For decades, the Scott boys basketball program set the standard in Toledo, and the Bulldogs earned the label of perennial state power.

But things are drastically different these days, and there will be some growing pains for the current Bulldogs under first-year head coach Rodney Martin, who look to rebuild after their worst season ever at 3-21 in 2016-17.

As was evident in Monday’s MLK Legacy Classic at Waite, that process may take some time.

GALLERY: MLK Legacy Classic

The Bulldogs (1-10) trailed just 30-28 early in the third quarter before Delaware used a game-breaking 18-3 run to pave the way to a comfortable 64-49 victory against Scott.

The Pacers (5-8) got double-doubles from Terin Kinsway (24 points, 11 rebounds) and Jwan Lyles (14 points, 13 rebounds) in snapping a four-game losing streak. Nate Griggs added 10 points.

“What we talked about at halftime was being tough, rebounding the basketball, and defending,” Martin said. “When the [Delaware] run came, we stopped doing all three. We weren’t competing with toughness, we weren’t in gaps [defensively] helping one another.

“It was a lack of discipline and being locked in, and that’s partly my fault. With a new group, you always have to remind them of those small things that make a difference. It’s frustrating for them, and it’s frustrating for me, because I want them to be successful so bad.”

Forward Eugene Towbridge had 21 points and nine rebounds, and guard Cedric Williams added 10 points for the Bulldogs, who lost their way not long after the halftime break.

Scott had started strong, grabbing a 13-5 lead on a Towbridge putback with 2 minutes, 25 seconds left in the first quarter. But the Pacers found their rhythm by quarter’s end, closing on a 10-5 run capped by buzzer-beating 3-pointer from Ryan Smudz to get within 18-15 entering the second.

Delaware then grabbed the lead on back-to-back inside baskets from Kinsway to start the second, and by halftime the Pacers had taken a 28-25 edge after Kinsway’s rebound and layup with two seconds left.

Williams’ 3 got Scott back within 30-28 with 7:03 to go in the third, but the Bulldogs soon would be undone by their lack of success from 3-point range combined with Delaaware’s effective inside game.

Kinsway got the Pacers rolling with a basket inside with 6:38 to go in the third, and Addison Harvey finished the decisive 18-3 surge with a 3 for a 48-31 lead with 1:57 remaining in that quarter.

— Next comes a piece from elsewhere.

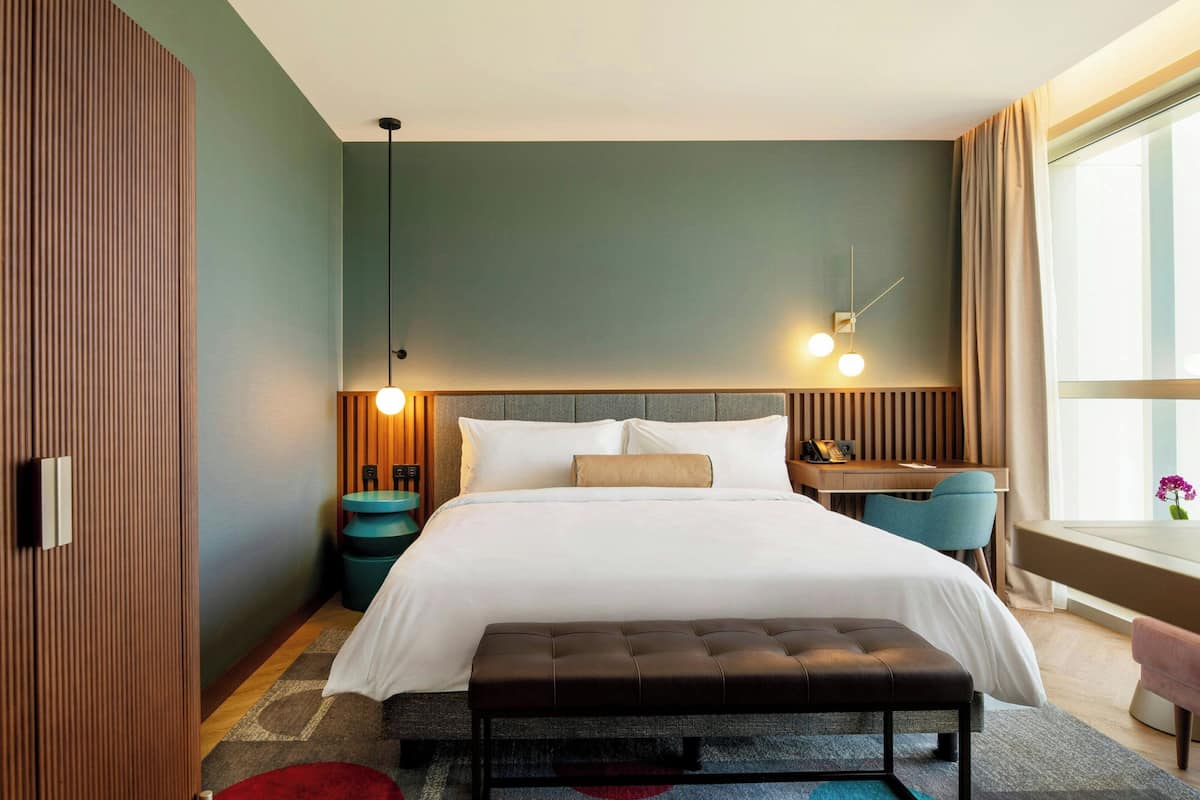 A modern hotel room with a large bed, a desk, a bench, and a view of the city.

Delaware hit eight of its 13 third-quarter shots, mostly from inside, while Scott was just 3-for-14, including 2-for-9 from outside.

“[Delaware] played more together as a team, and they wanted it more,” Towbridge said. “If it’s not broke, don’t fix it. If we go inside and keep scoring, that’s what we should do. But we started shooting 3s.”

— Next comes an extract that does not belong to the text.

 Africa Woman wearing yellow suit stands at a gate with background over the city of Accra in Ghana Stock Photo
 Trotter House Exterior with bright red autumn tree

Behind Marquise Brown, who scored all eight of his points on four baskets inside the paint in the fourth, Scott would get as close as nine points, at 51-42, on a fast-break layup with 5:47 left in regulation.

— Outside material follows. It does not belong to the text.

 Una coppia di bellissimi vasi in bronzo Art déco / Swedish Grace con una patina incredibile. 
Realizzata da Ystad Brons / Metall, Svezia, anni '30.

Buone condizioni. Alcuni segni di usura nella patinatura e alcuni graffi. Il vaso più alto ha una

But the Bulldogs got no closer, as the Pacers answered that rally by topping Scott 13-7 to close the game.

The Pacers were 23-of-45 from the field, including 5-of-10 on 3s, and were 13-of-26 at the foul line. Delaware outrebounded Scott 39-23, helping the Pacers offset the Bulldogs’ 14-7 edge in turnovers forced.

“In the second half, we just went with our basic match-up 2-3 zone [defense] and just tried to pack it in, keep them out of the paint, and make them shoot 3s,” Hayes coach Jordan Blackburn said. “We usually have success when we keep the ball out of the paint.

“Offensively, in the first half, we were just taking too many outside shots. Kinsway has some Division II college offers, and he needs to touch the ball inside. In the first half, he was getting most of his points off of rebounds instead of us throwing it to him, which was the game plan. In the second half, we did a much better job of executing the game plan.”

The Bulldogs were 19-of-49 (39 percent) from the field, including an ice-cold 4-of-22 (18 percent) on 3s, and hit 7-of-12 at the line.